В начале 1870-х годов несколько рассказов из «Сцен» появились на русском языке в иллюстрированном журнале «Переводы лучших иностранных писателей», которые издавала в Петербурге Марко Вовчок[109]. Здесь напечатаны «Огорчения одного крокодила» (1872, № 2) и «Похождения одного мотылька» (1872, № 5) в переводе Марии Михайловской и «История белого дрозда» (1871, № 11) в переводе самой Марко Вовчок. Впрочем, если первые два текста – это в самом деле более или менее точные переводы французских оригиналов, то «Историю белого дрозда» назвать переводом довольно затруднительно; скорее это некая фантазия переводчицы, местами приближающаяся к оригиналу, но местами не имеющая с ним решительно ничего общего[110].

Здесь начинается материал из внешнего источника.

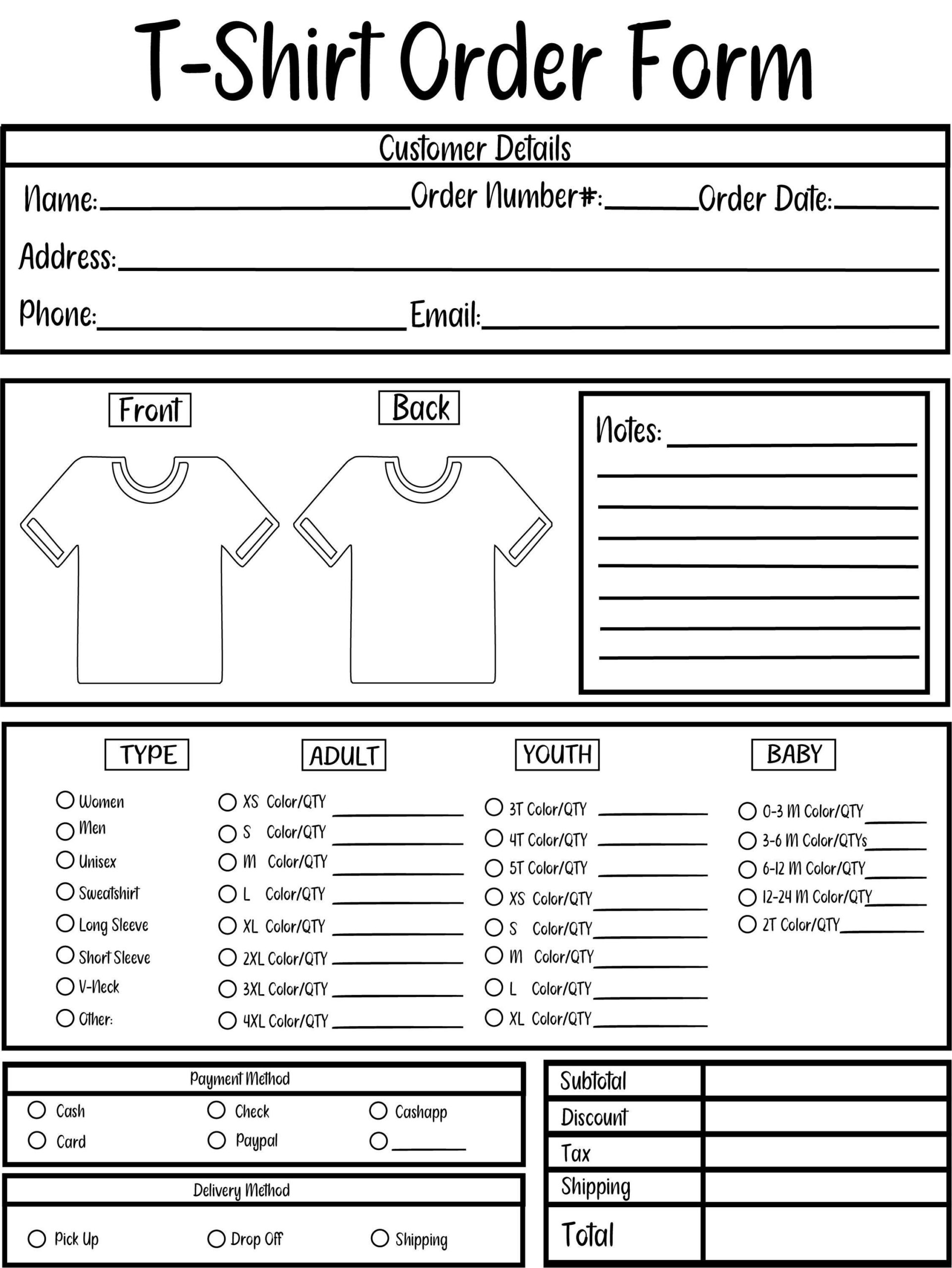 Free Editable Tshirt Order Form Printable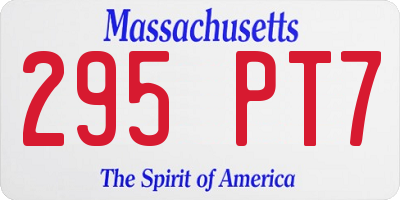MA license plate 295PT7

Во второй половине XIX века «Сцены» дважды выходили на русском языке отдельными изданиями: в 1876 году в Санкт-Петербурге под названием «Общественная и домашняя жизнь животных» в переводе Н. А. Шульгиной под редакцией А. Н. Плещеева и в 1897 году в качестве приложения к петербургскому журналу «Стрекоза»[111]. Оба издания неполны; в первом напечатаны пятнадцать рассказов из издания 1842 года, во втором – десять. В первом рассказов больше, однако в нем не сохранена «рамка»: есть только «Парламентский отчет», но нет ни рассказа о второй звериной революции, ни «Заключительной главы». Рассказ о второй революции не вошел и в издание 1897 года, зато завершается оно «Заключительной главой». Издание 1876 года содержит только текст рассказов, изданию 1897 года предпослано предисловие издателей, где, в частности, говорится: «Текст книги отличается эластичностью и приспособляемостью рассказа, неожиданностью и пикантностью милых, безобидных шуток, намеков и сближений, живостью, легкостью повествования и безукоризненно-художественным изложением. ‹…› Выпуская нынешнюю книгу как главную премию к нашему журналу за нынешний год, мы утешаем себя мыслью, что даем нашим читателям произведение, во всех отношениях заслуживающее сочувствия и внимания». С этим мнением трудно не согласиться.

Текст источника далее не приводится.